PROBLEM:
Begin with the line in which "194 Zettel Rd, New Ulm, TX 78950" appears and end with the final line of the entries. Retype each one exactly and add nothing.

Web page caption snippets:
════════════════════

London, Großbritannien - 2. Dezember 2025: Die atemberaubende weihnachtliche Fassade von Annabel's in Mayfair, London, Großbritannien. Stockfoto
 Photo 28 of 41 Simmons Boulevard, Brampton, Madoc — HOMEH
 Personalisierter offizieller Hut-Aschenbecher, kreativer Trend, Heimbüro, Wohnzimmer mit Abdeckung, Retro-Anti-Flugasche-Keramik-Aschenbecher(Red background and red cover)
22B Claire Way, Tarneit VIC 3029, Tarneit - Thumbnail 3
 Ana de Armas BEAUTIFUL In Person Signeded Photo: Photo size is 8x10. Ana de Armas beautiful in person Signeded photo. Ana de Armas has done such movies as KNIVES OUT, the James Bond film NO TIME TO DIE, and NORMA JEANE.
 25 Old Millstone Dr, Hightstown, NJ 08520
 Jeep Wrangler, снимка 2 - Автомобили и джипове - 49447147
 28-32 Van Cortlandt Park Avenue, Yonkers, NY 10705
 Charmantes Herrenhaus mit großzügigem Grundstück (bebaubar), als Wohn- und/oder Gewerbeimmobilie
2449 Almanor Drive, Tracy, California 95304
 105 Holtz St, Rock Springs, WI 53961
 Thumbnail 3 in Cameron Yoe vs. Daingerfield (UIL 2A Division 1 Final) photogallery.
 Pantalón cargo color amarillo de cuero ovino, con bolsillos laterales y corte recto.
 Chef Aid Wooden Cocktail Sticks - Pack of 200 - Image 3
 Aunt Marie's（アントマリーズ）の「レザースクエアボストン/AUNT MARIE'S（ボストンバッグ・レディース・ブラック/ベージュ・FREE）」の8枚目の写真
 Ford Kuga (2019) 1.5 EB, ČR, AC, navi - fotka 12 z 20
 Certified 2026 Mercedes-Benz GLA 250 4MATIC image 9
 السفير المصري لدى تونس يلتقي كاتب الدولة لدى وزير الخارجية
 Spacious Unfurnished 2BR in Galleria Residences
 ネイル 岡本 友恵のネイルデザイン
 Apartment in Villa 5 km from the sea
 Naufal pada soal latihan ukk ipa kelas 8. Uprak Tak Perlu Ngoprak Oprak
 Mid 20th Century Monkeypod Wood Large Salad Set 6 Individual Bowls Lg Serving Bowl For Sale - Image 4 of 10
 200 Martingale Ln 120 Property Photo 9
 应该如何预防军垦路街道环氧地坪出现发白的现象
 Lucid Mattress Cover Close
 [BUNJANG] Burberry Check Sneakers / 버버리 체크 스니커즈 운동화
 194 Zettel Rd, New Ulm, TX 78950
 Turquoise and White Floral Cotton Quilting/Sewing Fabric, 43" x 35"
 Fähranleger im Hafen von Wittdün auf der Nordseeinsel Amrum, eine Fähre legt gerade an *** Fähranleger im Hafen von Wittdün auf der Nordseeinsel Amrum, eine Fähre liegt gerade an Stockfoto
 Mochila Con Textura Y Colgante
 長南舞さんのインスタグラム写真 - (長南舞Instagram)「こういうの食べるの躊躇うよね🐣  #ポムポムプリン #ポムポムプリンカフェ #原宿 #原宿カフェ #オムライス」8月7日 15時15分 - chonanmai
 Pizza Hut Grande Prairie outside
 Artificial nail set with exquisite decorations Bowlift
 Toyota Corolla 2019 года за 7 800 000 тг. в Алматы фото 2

════════════════════

ANSWER BOX:
 194 Zettel Rd, New Ulm, TX 78950
 Turquoise and White Floral Cotton Quilting/Sewing Fabric, 43" x 35"
 Fähranleger im Hafen von Wittdün auf der Nordseeinsel Amrum, eine Fähre legt gerade an *** Fähranleger im Hafen von Wittdün auf der Nordseeinsel Amrum, eine Fähre liegt gerade an Stockfoto
 Mochila Con Textura Y Colgante
 長南舞さんのインスタグラム写真 - (長南舞Instagram)「こういうの食べるの躊躇うよね🐣  #ポムポムプリン #ポムポムプリンカフェ #原宿 #原宿カフェ #オムライス」8月7日 15時15分 - chonanmai
 Pizza Hut Grande Prairie outside
 Artificial nail set with exquisite decorations Bowlift
 Toyota Corolla 2019 года за 7 800 000 тг. в Алматы фото 2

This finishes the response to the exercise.